Receiving feedback as a writer is an essential and invaluable part of the creative process. It serves as a mirror reflecting not only the strengths but also the weaknesses in our work. Constructive criticism helps writers refine their craft by identifying areas that require improvement, be it in style, clarity, or storytelling. Furthermore, feedback offers a fresh perspective, often revealing nuances and insights we might have missed due to our proximity to our own work. It also helps writers understand their audience better and adapt their writing to connect more effectively. Additionally, feedback builds resilience, fostering the ability to handle rejection and criticism, which is inevitable in the world of writing. Ultimately, feedback is a compass guiding writers toward growth, refinement, and the creation of impactful and resonant pieces of literature.

During my elementary school years in my English classes, I vividly remember embarking on the writing journey, which consisted of prewriting, drafting, revising, and editing. This process frequently appeared as the most daunting aspect of writing, yet it has consistently served as an indispensable cornerstone for my writing abilities throughout my life.

At times when I didn’t receive constructive, guiding feedback, I felt like I was tailoring my work to meet the teacher’s expectations for a grade rather than advancing as a writer. This crucial feedback, or lack thereof, can make or break a writer. When students receive thoughtful and instructive feedback, it acts as a springboard for growth and fosters a deeper understanding of the craft.
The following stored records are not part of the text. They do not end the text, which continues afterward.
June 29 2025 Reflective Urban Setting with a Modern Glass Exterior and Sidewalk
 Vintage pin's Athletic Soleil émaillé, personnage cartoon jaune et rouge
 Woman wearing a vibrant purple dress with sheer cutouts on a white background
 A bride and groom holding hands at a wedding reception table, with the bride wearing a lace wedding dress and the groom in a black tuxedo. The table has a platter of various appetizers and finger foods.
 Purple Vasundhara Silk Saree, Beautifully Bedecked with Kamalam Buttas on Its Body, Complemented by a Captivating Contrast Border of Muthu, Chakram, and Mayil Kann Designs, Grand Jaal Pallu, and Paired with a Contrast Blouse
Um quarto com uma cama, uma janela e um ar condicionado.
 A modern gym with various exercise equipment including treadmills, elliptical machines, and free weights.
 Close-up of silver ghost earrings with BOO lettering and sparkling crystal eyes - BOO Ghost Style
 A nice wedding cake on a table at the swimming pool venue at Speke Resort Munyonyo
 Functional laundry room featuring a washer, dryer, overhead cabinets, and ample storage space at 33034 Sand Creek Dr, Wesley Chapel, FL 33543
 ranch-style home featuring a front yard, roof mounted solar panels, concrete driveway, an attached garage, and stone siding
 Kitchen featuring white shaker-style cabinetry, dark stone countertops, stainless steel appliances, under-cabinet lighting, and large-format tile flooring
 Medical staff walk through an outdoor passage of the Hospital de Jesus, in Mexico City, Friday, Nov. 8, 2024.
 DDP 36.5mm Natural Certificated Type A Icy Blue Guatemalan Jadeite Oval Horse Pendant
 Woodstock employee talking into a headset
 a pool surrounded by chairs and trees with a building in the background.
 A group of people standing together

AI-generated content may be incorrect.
However, without such guidance, students may stagnate, only ticking boxes for grades without internalizing the art of effective writing. The impact of a teacher’s feedback can fuel a writer’s evolution or hinder it, making it a pivotal factor in one’s writing journey.

In the article by John Bean, he urges teachers to enhance their grading practices. To underscore the significance of this aspect of grading, Bean draws a comparison to butterflies. He suggests that the concluding comment on a draft is akin to a butterfly before undergoing metamorphosis – at this stage, it resembles a caterpillar. However, through effective feedback and revision, it can transform into a beautiful butterfly. I found this analogy to be a brilliant representation of the writing process.

Moreover, in Nancy Sommers’ article, she claims it is crucial to differentiate comments on drafts from those on final essays. On rough drafts, it should assess where the draft is now and offer encouragement of where it could go. In the draft stage, teachers can push students to strengthen and possibly reframe or reorganize their arguments. However, on final drafts, comments should assess the strengths and weakness of the paper, but focus on transferrable lessons for future assignments like, “In your next paper, you might want to try…” or “Before writing your next paper, ask yourself…”

Sommers makes a valid point when she mentions,

In commenting on our students’ writing, however, we have an additional pedagogical purpose. As teachers we know that most students find it difficult to imagine a reader’s response in advance, and to use such responses as a guide in composing. Thus, we comment on student writing to dramatize the presence of a reader, to help our students to become that questioning reader themselves, because, ultimately, we believe that becoming such a reader will help them to evaluate what they have written and develop control over their writing.

Sommers’ perspective highlights the transformative potential of thoughtful feedback in the writing process. By helping students become more aware of their audience and writing choices, educators can empower them to become more effective and self-reliant writers in the long run.

I found both articles to be valuable guidance not only for educators but also for individuals in professions involving the evaluation and feedback of student papers. These articles underscore a perspective that resonates deeply with me: the belief that teacher feedback should function as a guiding path for students and individuals alike, empowering them to reach their utmost potential in their writing journey.

The role of teacher feedback should extend far beyond the correction of errors. It should catalyze growth and improvement. Teacher comments should possess the transformative power to inspire students, instilling a sense of purpose and motivation to revise and refine their papers. When a teacher provides effective feedback, it can ignite a desire for mastery, encouraging students to take pride in their work and view the revision process as an opportunity for enhancement and self-discovery.